• _Work instruction_: Below are the records. Retype exactly the lines between the lines holding "Комплект рейлингов для" and "Fixodent Denture Adhesive", inclusive.

• _Records for this task_:
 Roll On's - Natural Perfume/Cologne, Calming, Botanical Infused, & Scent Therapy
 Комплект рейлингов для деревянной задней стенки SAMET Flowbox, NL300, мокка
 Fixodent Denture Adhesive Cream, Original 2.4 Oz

==

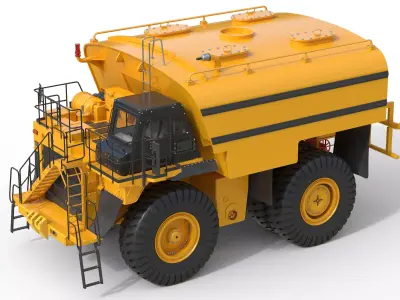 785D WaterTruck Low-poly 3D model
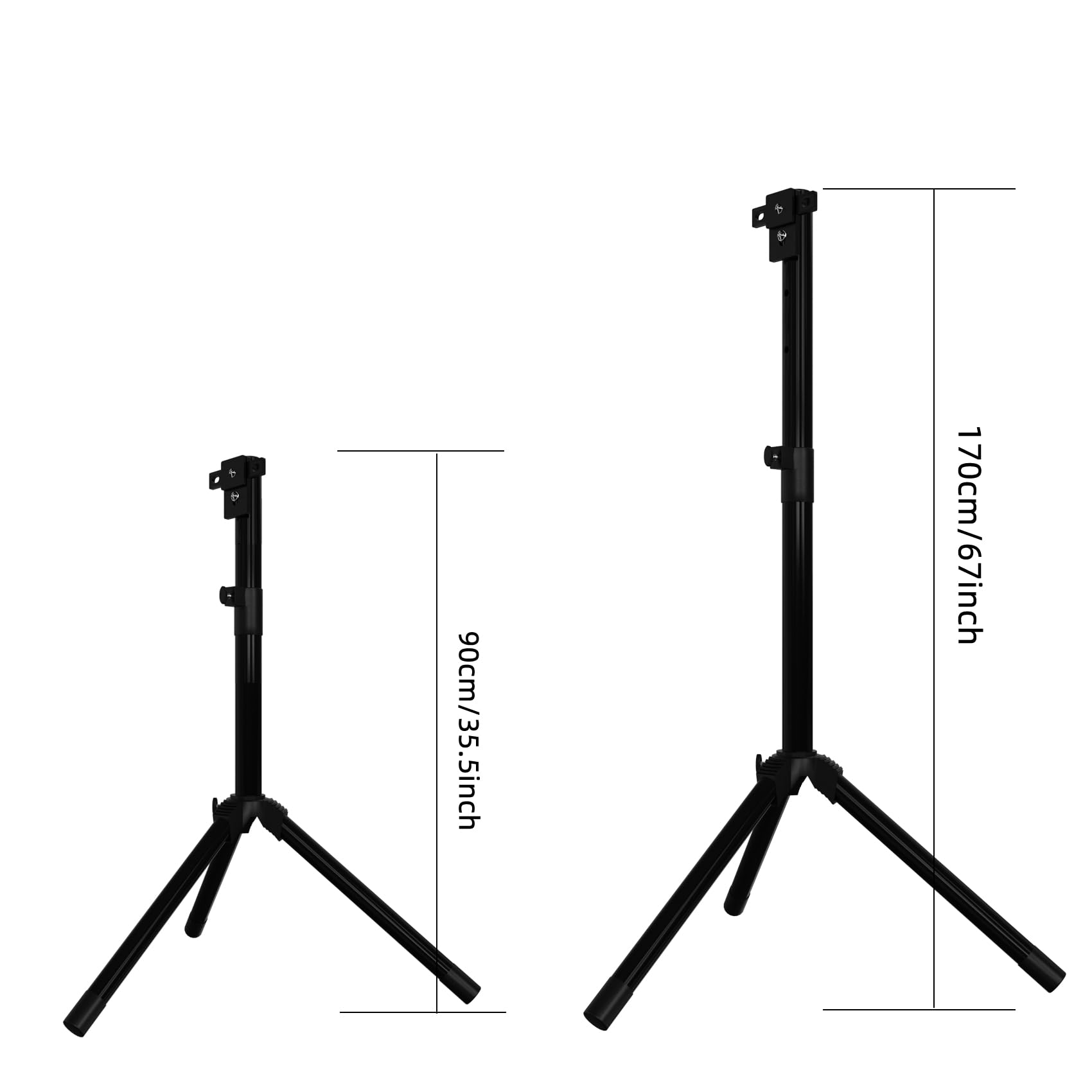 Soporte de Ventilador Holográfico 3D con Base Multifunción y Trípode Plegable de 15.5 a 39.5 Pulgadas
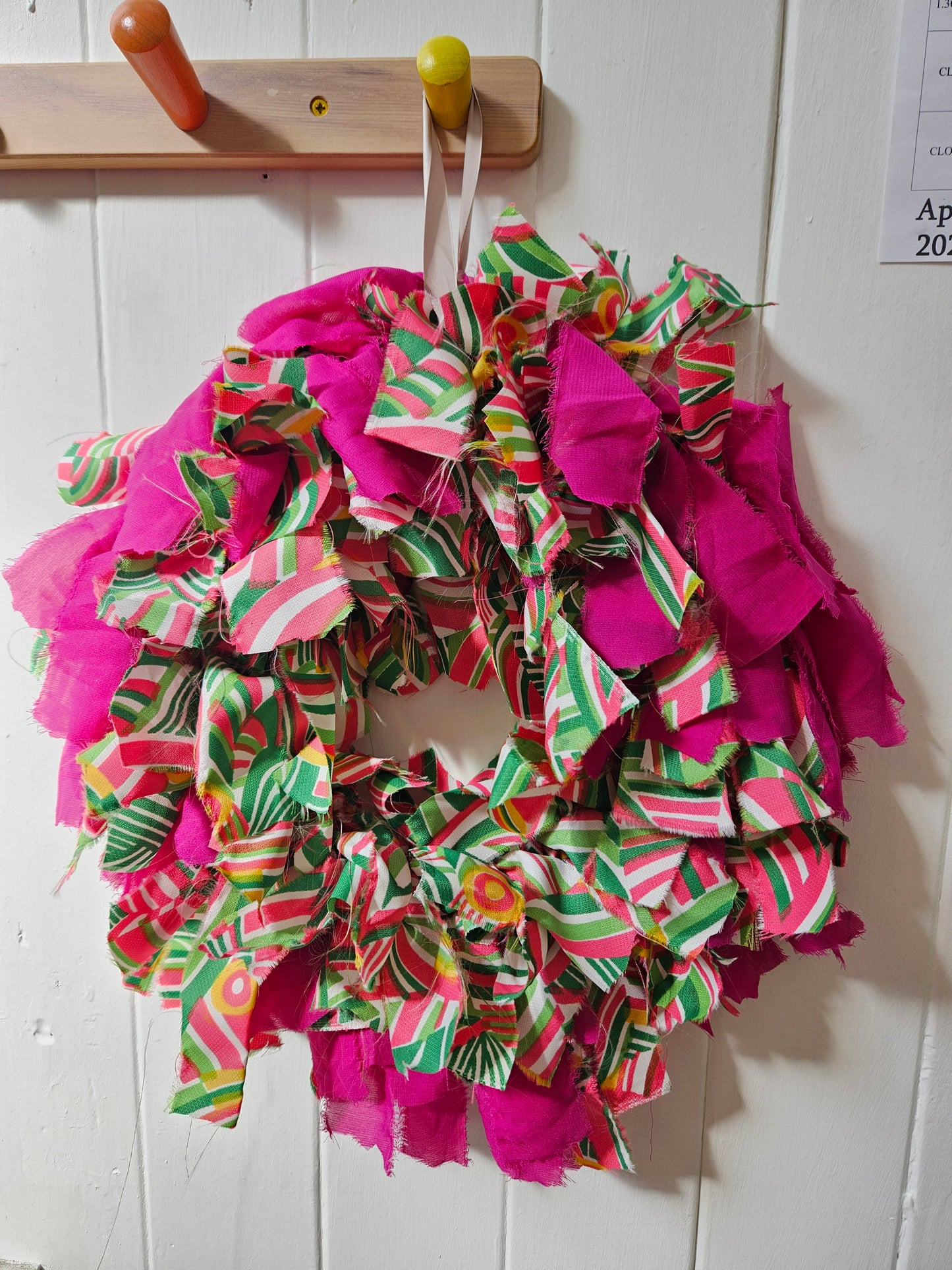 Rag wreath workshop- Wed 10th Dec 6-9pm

• _Task output_:
 Комплект рейлингов для деревянной задней стенки SAMET Flowbox, NL300, мокка
 Fixodent Denture Adhesive Cream, Original 2.4 Oz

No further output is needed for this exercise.